:: Input material
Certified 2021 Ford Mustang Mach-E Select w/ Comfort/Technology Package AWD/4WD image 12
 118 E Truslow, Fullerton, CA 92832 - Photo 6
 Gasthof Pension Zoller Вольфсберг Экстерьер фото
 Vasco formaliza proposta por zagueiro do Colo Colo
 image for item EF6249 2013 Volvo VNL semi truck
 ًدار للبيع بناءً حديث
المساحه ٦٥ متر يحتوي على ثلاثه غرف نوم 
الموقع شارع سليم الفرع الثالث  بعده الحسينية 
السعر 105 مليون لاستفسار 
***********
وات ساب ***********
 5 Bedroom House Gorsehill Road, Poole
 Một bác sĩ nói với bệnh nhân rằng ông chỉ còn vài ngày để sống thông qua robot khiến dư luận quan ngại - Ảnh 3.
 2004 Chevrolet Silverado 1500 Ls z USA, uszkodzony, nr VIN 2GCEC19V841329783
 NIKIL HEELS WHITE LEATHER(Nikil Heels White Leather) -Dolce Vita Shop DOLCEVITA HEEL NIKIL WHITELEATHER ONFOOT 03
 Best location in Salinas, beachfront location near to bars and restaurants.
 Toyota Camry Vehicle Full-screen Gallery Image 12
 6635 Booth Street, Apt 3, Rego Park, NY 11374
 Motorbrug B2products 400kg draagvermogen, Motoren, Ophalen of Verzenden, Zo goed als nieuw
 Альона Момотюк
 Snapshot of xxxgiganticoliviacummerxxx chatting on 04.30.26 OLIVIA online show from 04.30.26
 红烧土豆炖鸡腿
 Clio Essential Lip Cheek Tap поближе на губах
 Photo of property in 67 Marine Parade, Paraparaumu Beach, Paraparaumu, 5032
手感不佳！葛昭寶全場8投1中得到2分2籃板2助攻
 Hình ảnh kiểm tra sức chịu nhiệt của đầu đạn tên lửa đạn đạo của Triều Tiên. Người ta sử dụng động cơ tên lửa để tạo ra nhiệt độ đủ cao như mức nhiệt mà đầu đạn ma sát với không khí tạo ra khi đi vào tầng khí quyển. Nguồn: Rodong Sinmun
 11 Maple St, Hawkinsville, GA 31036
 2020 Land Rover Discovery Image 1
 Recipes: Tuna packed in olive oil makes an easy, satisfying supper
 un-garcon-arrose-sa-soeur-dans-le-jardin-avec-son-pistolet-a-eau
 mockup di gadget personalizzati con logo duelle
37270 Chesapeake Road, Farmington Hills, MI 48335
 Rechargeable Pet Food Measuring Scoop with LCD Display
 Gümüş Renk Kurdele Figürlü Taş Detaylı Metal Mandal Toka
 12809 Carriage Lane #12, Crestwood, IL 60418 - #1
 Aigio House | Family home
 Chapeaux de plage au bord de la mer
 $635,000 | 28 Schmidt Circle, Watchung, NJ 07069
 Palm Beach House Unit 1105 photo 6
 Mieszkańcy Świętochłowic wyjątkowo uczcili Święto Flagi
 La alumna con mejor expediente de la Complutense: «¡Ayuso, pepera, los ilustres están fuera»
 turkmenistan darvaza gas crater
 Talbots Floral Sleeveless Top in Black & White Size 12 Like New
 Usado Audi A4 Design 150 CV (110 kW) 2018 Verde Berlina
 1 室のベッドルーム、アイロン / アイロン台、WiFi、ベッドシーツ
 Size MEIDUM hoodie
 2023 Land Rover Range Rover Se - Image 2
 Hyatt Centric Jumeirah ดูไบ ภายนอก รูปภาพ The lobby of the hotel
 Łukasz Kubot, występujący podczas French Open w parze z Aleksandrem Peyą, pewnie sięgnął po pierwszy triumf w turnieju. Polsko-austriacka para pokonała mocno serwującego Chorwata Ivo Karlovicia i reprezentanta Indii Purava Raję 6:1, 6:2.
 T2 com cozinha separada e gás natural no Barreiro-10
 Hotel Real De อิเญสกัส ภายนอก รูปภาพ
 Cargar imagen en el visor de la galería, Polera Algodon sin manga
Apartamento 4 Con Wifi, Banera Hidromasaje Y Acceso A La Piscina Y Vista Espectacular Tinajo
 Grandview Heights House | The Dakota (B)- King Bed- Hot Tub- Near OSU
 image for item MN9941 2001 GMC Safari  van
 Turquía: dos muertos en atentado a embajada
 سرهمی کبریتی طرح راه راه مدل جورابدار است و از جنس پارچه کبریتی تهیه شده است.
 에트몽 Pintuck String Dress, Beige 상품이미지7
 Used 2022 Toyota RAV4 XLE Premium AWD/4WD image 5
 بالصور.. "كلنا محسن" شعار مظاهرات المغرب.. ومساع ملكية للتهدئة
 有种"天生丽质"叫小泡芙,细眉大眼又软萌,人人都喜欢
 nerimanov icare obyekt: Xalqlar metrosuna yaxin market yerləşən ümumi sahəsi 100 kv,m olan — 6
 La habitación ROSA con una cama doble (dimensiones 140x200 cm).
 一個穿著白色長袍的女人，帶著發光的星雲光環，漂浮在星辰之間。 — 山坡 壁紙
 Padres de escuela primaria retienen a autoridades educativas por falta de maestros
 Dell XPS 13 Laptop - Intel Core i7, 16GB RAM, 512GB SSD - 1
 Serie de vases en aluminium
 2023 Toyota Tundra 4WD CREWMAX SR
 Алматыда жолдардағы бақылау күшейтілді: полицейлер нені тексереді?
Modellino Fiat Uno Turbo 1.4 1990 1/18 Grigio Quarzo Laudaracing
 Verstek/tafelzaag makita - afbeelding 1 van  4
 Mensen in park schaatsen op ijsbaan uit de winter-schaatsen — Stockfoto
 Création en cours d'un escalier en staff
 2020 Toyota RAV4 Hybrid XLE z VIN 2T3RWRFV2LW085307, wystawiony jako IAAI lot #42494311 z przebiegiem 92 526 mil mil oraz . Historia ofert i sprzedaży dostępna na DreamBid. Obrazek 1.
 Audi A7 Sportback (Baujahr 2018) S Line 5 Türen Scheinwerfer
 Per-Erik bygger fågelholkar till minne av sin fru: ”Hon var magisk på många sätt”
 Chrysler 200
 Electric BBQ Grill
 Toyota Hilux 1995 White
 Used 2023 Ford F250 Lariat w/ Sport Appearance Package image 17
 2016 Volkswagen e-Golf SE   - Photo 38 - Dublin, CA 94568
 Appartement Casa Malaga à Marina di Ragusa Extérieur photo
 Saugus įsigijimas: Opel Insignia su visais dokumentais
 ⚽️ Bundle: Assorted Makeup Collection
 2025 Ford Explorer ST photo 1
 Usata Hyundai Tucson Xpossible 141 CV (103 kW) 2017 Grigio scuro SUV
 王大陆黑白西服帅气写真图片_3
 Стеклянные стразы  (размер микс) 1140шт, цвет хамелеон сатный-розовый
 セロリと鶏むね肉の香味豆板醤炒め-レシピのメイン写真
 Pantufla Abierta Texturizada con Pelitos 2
::::
**Instructions to follow**
Retype exactly the lines of the data above that fall between the line with "2023 Toyota Tundra 4WD CREWMAX SR" and the line with "2020 Toyota RAV4", inclusive, and add nothing.

**Worked solution**
 2023 Toyota Tundra 4WD CREWMAX SR
 Алматыда жолдардағы бақылау күшейтілді: полицейлер нені тексереді?
Modellino Fiat Uno Turbo 1.4 1990 1/18 Grigio Quarzo Laudaracing
 Verstek/tafelzaag makita - afbeelding 1 van  4
 Mensen in park schaatsen op ijsbaan uit de winter-schaatsen — Stockfoto
 Création en cours d'un escalier en staff
 2020 Toyota RAV4 Hybrid XLE z VIN 2T3RWRFV2LW085307, wystawiony jako IAAI lot #42494311 z przebiegiem 92 526 mil mil oraz . Historia ofert i sprzedaży dostępna na DreamBid. Obrazek 1.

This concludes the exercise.